So., 26.05.24 | 23:05 Uhr
"Kinds of Kindness" von Yórgos Lánthimos
Der Moment der Wahrheit. Dieser wunderschöne, grausame Moment, in dem ein Traum Wirklichkeit wird. Drei Geschichten: Eine Sektenjüngerin, die Tote zum Leben erwecken will. Ein Angestellter, der seinem Chef hörig ist. Eine Verschollene, die von ihrem Mann nicht erkannt wird. "Diese Geschichten zeigen die verzweifelte Suche nach Liebe", sagt Emma Stone. "Mit sehr unterschiedlichen Charakteren. Man sieht die große Verzweiflung geliebt zu werden, kontrolliert zu sein."
Sadismus, Liebe und Manipulation
Sadismus – und deren Opfer. "Kinds of Kindness", die Arten der Freundlichkeit.

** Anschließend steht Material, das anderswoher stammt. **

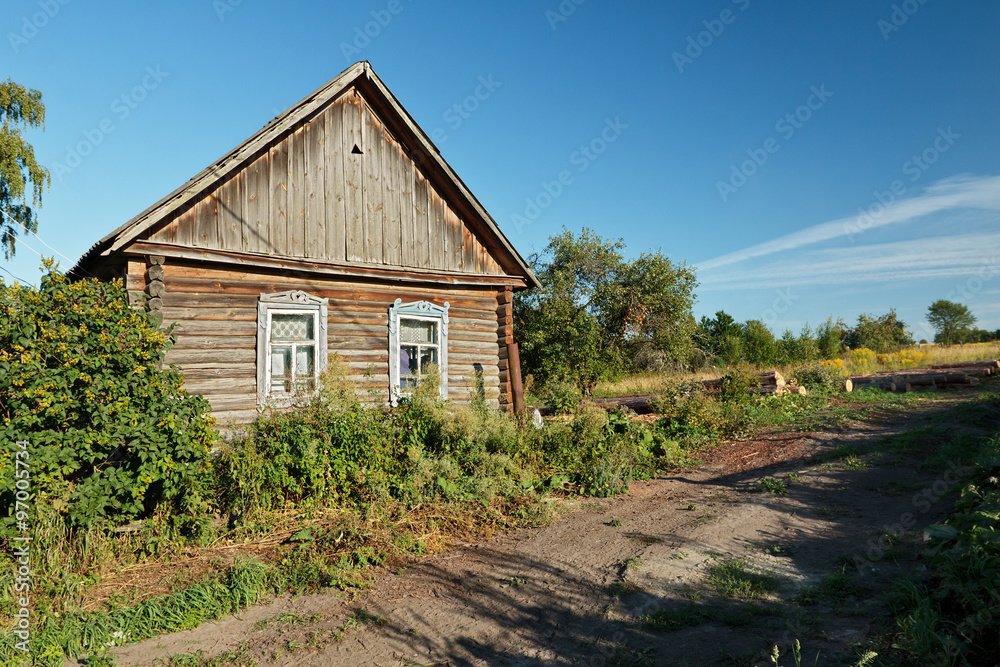 Timber house in Russian countryside near unsurfaced road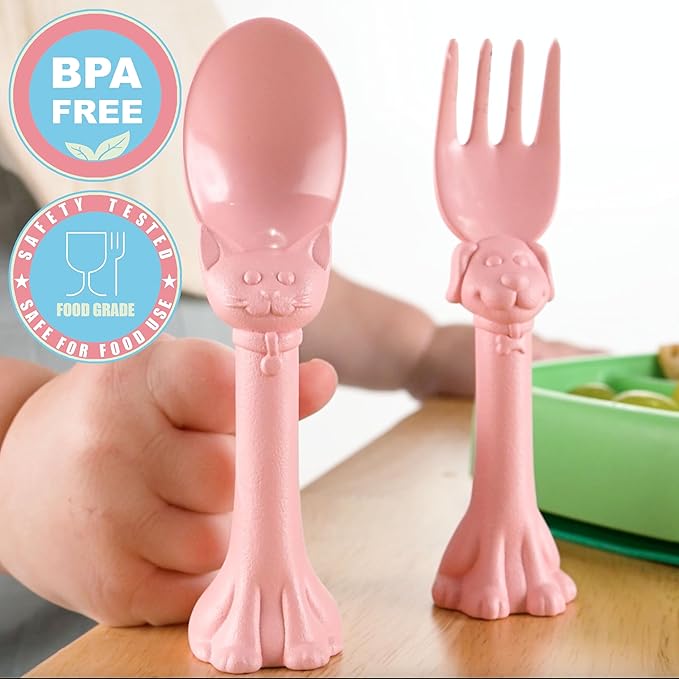 Made in USA Spoon la la Toddler Utensils Set (2 Pack) & Board Book - Spoon & Fork for Kids, Self-Standing 3D Ergonomic Cat & Dog Handles, BPA-free, Dishwasher Safe Baby Silverware (Pink)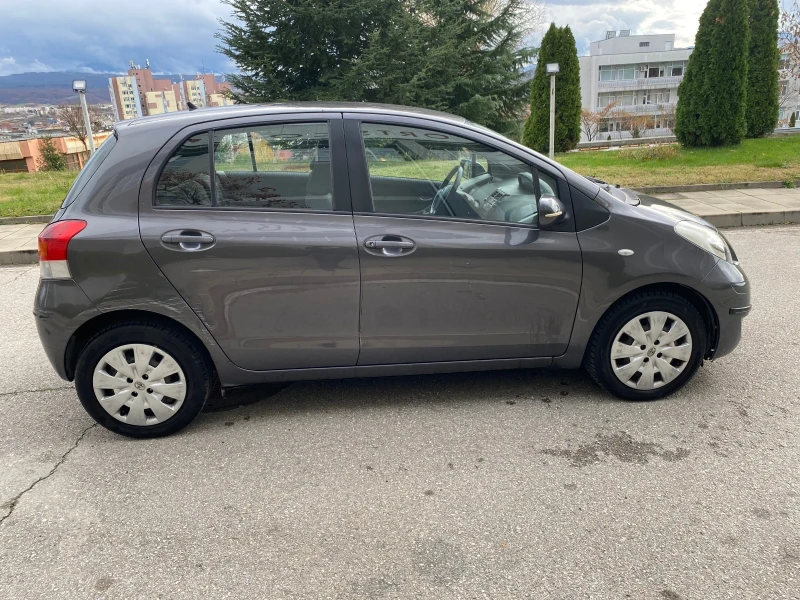 Toyota Yaris 1.33 i, снимка 15 - Автомобили и джипове - 53024081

Liebe, runtergebrochen auf die Mechanik der Manipulation. "Meine erste Inspiration war die Lektüre von 'Caligula' von Albert Camus", sagt Yórgos Lánthimos. "Ich habe mich gewundert wie ein Mann solche Macht über andere Menschen haben kann. Und ich habe angefangen mir in unserer heutigen Welt jemanden vorzustellen, der die vollständige Kontrolle über einen anderen Menschen hätte, etwa, ab wann er aufwacht, was er isst, ob er heiraten darf, Sex hat, einen Unfall hat, stirbt, all diese Dinge."

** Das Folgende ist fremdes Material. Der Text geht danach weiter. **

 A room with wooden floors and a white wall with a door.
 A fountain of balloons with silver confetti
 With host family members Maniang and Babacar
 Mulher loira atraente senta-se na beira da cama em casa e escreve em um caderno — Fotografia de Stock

"Yórgos gibt dir als Schauspieler eine tolle Grundlage, von der aus du spielen kannst", sagt Willem Dafoe. "Mit eigenen Worten und Handlungen. Er beobachtet dich. Er denkt darüber nach. Es ist nicht immer klar, was er will oder was du selbst willst. Aber das ist der Prozess. Es ist ein Nehmen und Geben."

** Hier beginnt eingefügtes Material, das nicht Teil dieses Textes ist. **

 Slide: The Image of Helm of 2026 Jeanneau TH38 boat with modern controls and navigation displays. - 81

"Die Menschen sterben und sie sind nicht glücklich."
Der größte Liebesbeweis ist hier das strikte Einhalten einer Unterwerfung – wie willkürlich diese auch scheinen mag – um jeden Preis. "Dieser Film handelt von der Machtdynamik in Beziehungen, seien es romantische Beziehungen, Geschäftsbeziehungen oder soziale Beziehungen, von den Schwierigkeiten und dem Kampf gegen bestimmte soziale Konventionen, die Menschen in ihrer wahren Natur blockieren und unterdrücken können."
"Die Menschen sterben und sie sind nicht glücklich", heißt der Kernsatz in "Caligula". Und wie bei Camus wandelt sich im Film Metaphysik in Physik. "Yórgos orientiert sich sehr am Körperlichen", sagt Emma Stone. "Und liebt offensichtlich das Tanzen. Und ich liebe das Tanzen auch. In diesem Film wird ein Großteil durch die Körper ausgedrückt, natürlich auch, wenn es gewalttätig oder sexuell ist. Anstelle zu erklären, wie etwas ist, zeigt man es. Das geht viel mehr unter die Oberfläche, wenn wir das physisch lebendig machen."
Liebe als grausame Form der Abhängigkeit
In allen drei Episoden gehen die Figuren mit extremer Gewalt vor. Das stete Scheitern kurz vorm Ziel. "Der Film widersetzt sich allen Genres", sagt Stone. "Am ehesten wäre das wohl eine schwarze Komödie", sagt Dafoe. "Eine schwarze Gesellschaftskomödie."
Man sieht es gerne, wie "Kinds of Kindness" mit der jeweils gleichen Besetzung in drei völlig unterschiedlichen Geschichten von der Liebe als exquisit grausamer Form der Abhängigkeit erzählt. Ein Film über den Schock der eigenen Tat.